Original article by Il Foglio
When Venice, now cut off from the new Atlantic routes, sought its last chance to remain a global power in the Northern ice. Sebastian Caboto tried to trick it.
In the autumn of 1522, Girolamo Bucignolo, emissary of Sebastian Caboto, then piloto mayor of Emperor Charles V, i.e. the man who managed Spanish expeditions along the new Atlantic routes (a position of power and great prestige that Amerigo Vespucci had held before him), arrived in Venice in great secrecy.
“I know how to get you out of trouble”, Caboto essentially told the Council of Ten, the highest political authority of the Serenìsima, through his trusted Bucignolo. “Give me your trust and sufficient resources, and I will inaugurate an entirely Venetian Arctic route that will pass through Greenland and lead to China and from there to the Spice Islands”.
One must put oneself in the shoes of the Venetian government of the time to understand how seductive Caboto’s proposal to open a passage through the ice of the Northern seas was. At the beginning of the 16th century, after the years of great discoveries, Venice was a naval power in rapid decline in a world undergoing geopolitical upheaval. In just a few years, first Portugal, then Spain, then France and then England had become the new great naval powers.
Venice, the queen of the seas, naturally wanted to be part of the game. But it was trapped in the Mediterranean and increasingly destined for political irrelevance. After the exploits of Christopher Columbus, and even more so after those of Vasco da Gama, who rounded the Cape of Good Hope and reached India (1497), a feeling of bewilderment had spread among the ruling class. “Something, anything, must be done”, insisted the most willing (five centuries before Draghi’s “Do something!”).
In truth, the Venetians had already attempted to do something. In 1504, the Council of Ten proposed to the Mamluk sultan of Cairo, Qansuh al-Ghuri, to open a canal between Port Said and Port Suez to connect the Mediterranean and the Red Sea. The expense would be borne by the Republic. Two fortresses, at the entrance and exit of the canal, would guarantee the sultan control of traffic. In return, the Venetians would have had free access to the Red Sea and thus to the Indian Ocean and the markets of the East. The whole operation was aimed at outsmarting the Portuguese, who by then were masters of a quadrant stretching from Lisbon to the Moluccas. At the last minute, the sultan backed out, pressured by the Portuguese themselves (and the Ottomans, editor’s note).

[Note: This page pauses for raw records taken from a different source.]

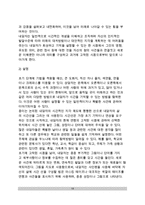가족상담기법(가족치료기법) - 찰흙 스퀴글 기법, 감정나무, 초기회상하기, 초기회상 그림그리기, 걱정목록, 시간선 테이프 기법-18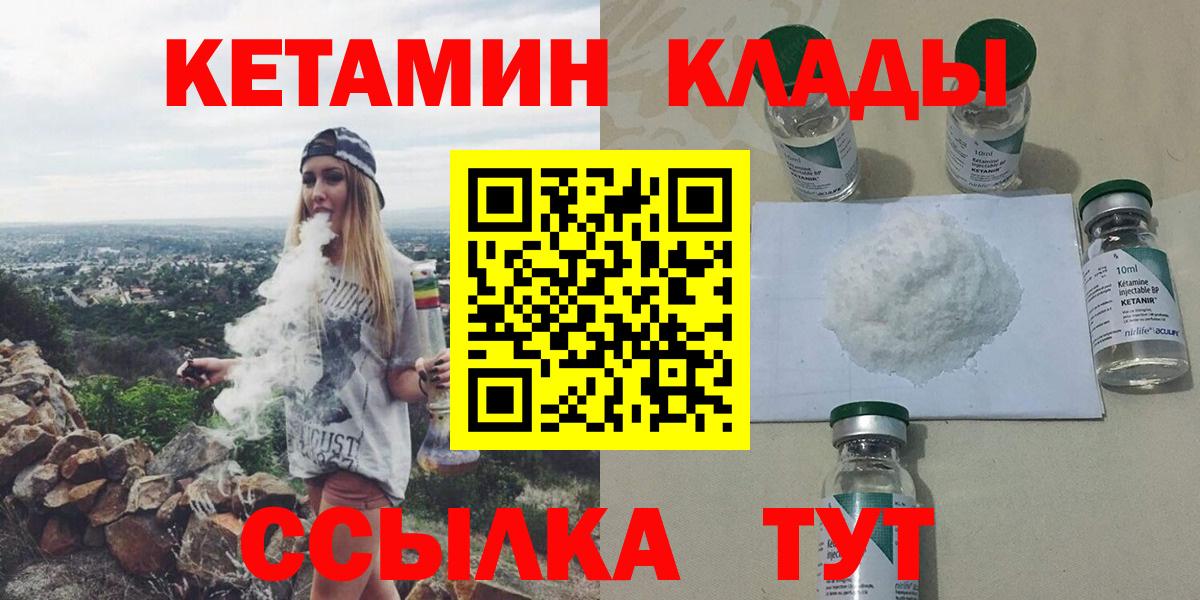 Кетамин ketamine  Вход с VPN  Лабинск 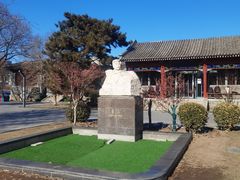 -北京鲁迅博物馆(北京新文化运动纪念馆鲁博馆区)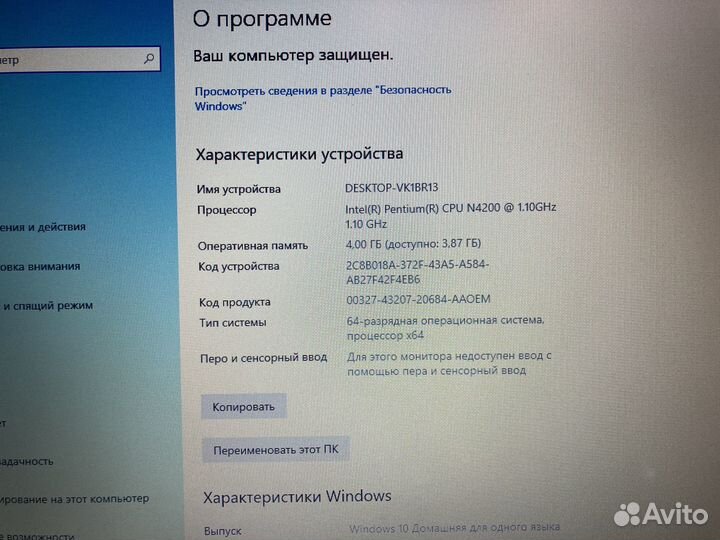 Игровой ноутбук asus
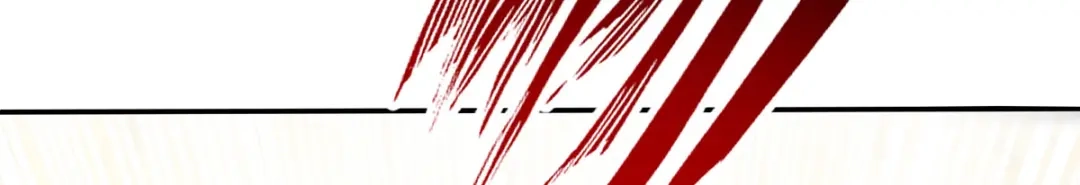 《逆天至尊》第239话 一起上吧 第13页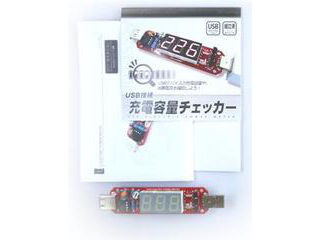 JAN 4560196900271 BitTradeOne USB接続 充電容量チェッカー 組立済版 AD00023P アブソリュート株式会社 ホビー 画像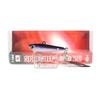Sale Ima Spin Gulf Neo 20 Grams Sinking Lure 113 (8407)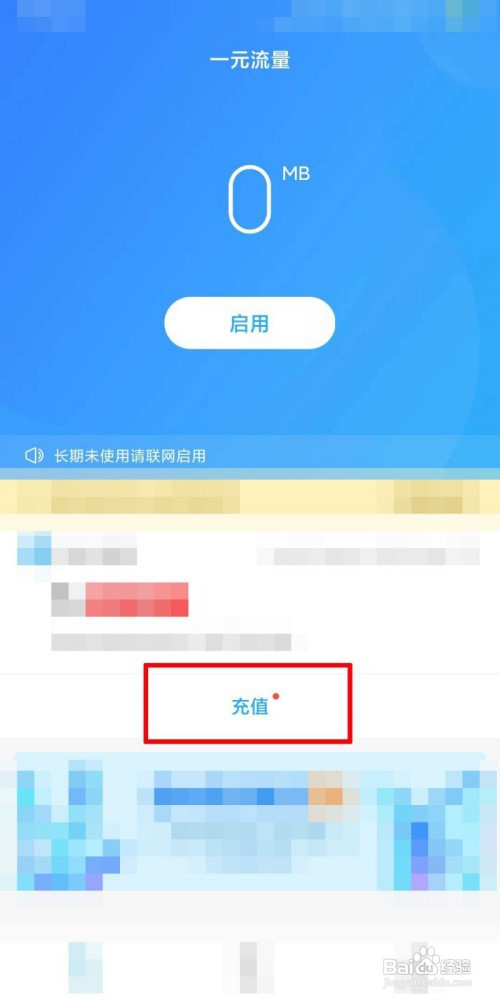 小米一元流量怎么用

Now the Spanish were getting involved too. The Council of Ten had just received news that one of Magellan’s five caravels, the Victoria, had succeeded in circumnavigating the globe (now reduced to a wreck, it arrived in Seville in September 1522). It was another blow, and not a small one. Far from decline, there was a risk of collapse.
Sior Bucignolo immediately obtained an audience at the Doge’s Palace.
Sebastian Caboto knew the Northern seas well, having sailed them since he was a boy with his father Giovanni, an illustrious navigator from a Venetian family but long in the service of the English crown and who went down in history for “discovering” the island of Newfoundland while searching for a route to China (1497). In reality, the Beothuk, a seemingly unwelcoming indigenous people, had long lived on that barren, windswept island. Caboto senior barely had time to plant the flags of St Mark and the King of England before making a hasty retreat. However, he was welcomed as a hero on his return to London and pocketed the handsome sum of 10 pounds.
Four years later, Caboto junior, in his early twenties, led an expedition to those icy seas to open up the Northwest Passage that his father had sought in vain. He too failed in his endeavour. But on his way back, he stopped off in Newfoundland, just long enough to capture three natives “dressed in skins, eating raw meat and speaking a language that none of us understood”.
Twenty years had passed, Bucignolo explained, and his paròn (master) was ready to try again, this time in the service of Venice. The idea of an Arctic route to China immediately caught the attention of the government of the Serenìsima.
A century and a half earlier, two Venetian navigators, Nicolò and Antonio Zen, had crossed the North Atlantic after many vicissitudes, following the ancient Viking route to the ice of Greenland, which they called “Engronelant” and had drawn with surprising precision on their navigation chart. So why not take that route again? The Venetians had lost their knowledge of those seas, but Caboto junior had grown up there. He had led several expeditions in those icy seas himself. He had become a great navigator, now at the height of his fame; an intrepid visionary, and what’s more, born in Venice. Was he the man of providence, the prodigal son who would save the Republic?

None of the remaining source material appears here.